The Very Sophisticated Avoidance System
On the difference between a portfolio and a really beautiful way to hide.
I have a habit I am not proud of, and I think a lot of you have it too, so let us all be in this together.
When the scary project starts feeling too big, I do not freeze. I do not scroll. I do not nap. I am too productive for any of those. What I do instead is pick up a different project. Another one I am also working on, also believe in, also could legitimately call work. And I run toward that one like a person being chased.
This is what avoidance looks like when you are multi-passionate. It does not look like avoidance. It looks like a busy week.
The trouble is this. I have been listening to entrepreneur podcasts for months, the way some people listen to true crime, and the advice splits down the middle. Half of them tell you to build multiple streams of income, throw a lot of funnels at the wall, see what sticks. The other half, often the same people a few years later, tell you they would have been more successful sooner if they had picked one thing and focused. Both groups are now successful and selling courses about how they did it. Reader, this is not as helpful as it sounds.
I love a lot of irons in the fire. I genuinely do. Some of mine make money, some of them make joy, and a couple of them, on a good day, make both. (I am also a brand new grandmother, which is its own iron, although that one I did not put in the fire on purpose. She is, by a wide margin, my favorite.)
The quiet thing nobody on the podcasts says out loud is this. Multiple irons can be a portfolio. Multiple irons can also be a really beautiful avoidance system. From the outside, those two things look identical.

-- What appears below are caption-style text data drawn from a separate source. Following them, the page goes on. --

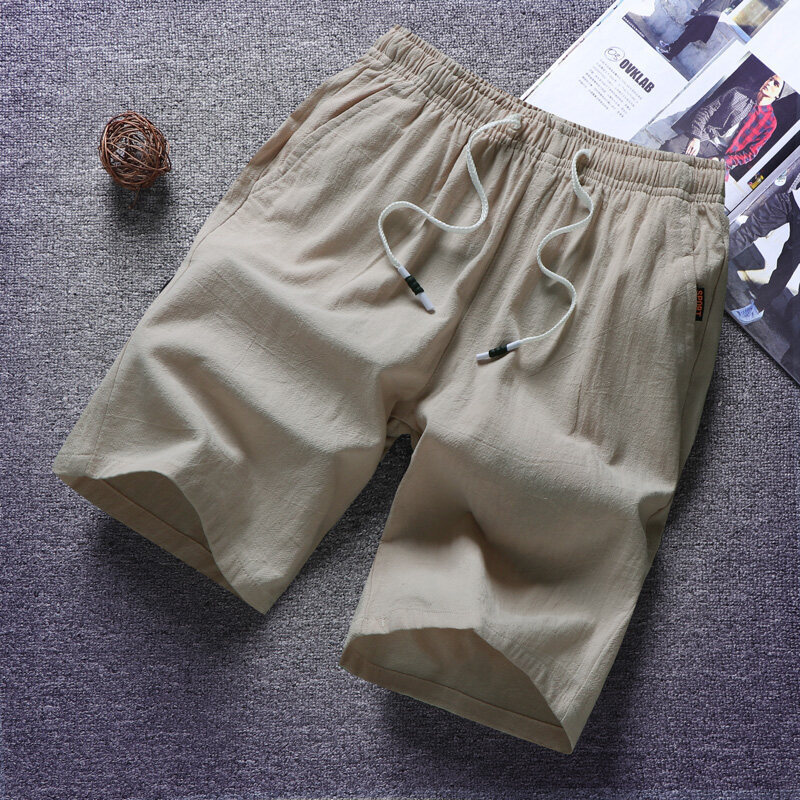 Pantalones cortos de algodón de verano tendencia masculina coreana sueltos pantalones casuales de algodón 5 pantalones de playa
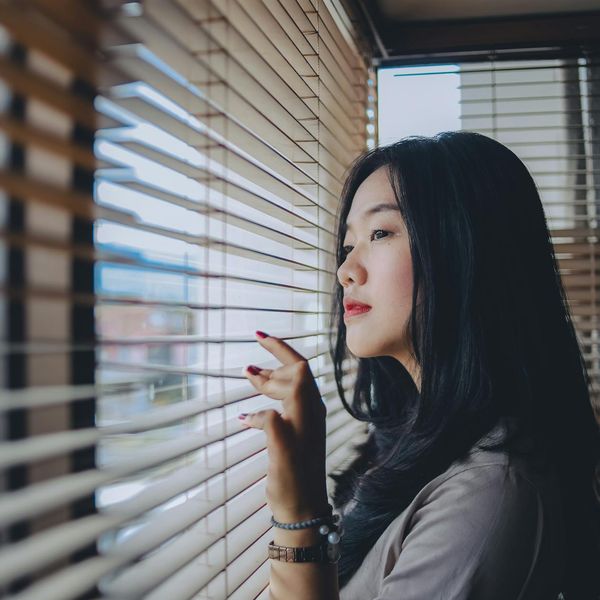 Close-up of a person meditating with a calm expression.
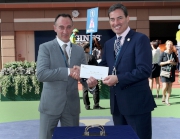Before the race, Mr Jim Gagliano, Vice Chairman of the International Federation of Horseracing Authorities, presents a prize of HK$5,000 to the stable representative of Silverwave, the Best Turned Out Horse in the LONGINES Hong Kong Vase.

From the inside, you can usually tell the difference, but only at 3 a.m.
I was doing the avoidance version earlier this week. I had a new project that needed me to take a real step forward, the kind of step that involves talking to actual humans and asking them to want what I am offering. So instead I opened a writing tab. Writing is my favorite kind of avoidance because it feels productive and it is also a guilty pleasure. (I love love love writing, and if I am honest, it does not exactly pay the rent. It likes to keep us in groceries. Design pays the rent.) So when the design thing got scary, I ran to the writing thing, which is also a thing I do for a living, just less reliably. It is a very sophisticated avoidance system. I have built it over the last three years, ever since I started picking up new irons and following all that podcast advice and chasing my own passions at the same time.
What broke me out of it was a phone call. My friend Emily called in the middle of all this, and Emily has a superpower, which is getting other people excited about what they are doing. She wears the cape. She started asking the kind of questions that are not really questions but invitations, and within twenty minutes I remembered why this new project is good and why the work is worth doing. She jogged me back into the right groove.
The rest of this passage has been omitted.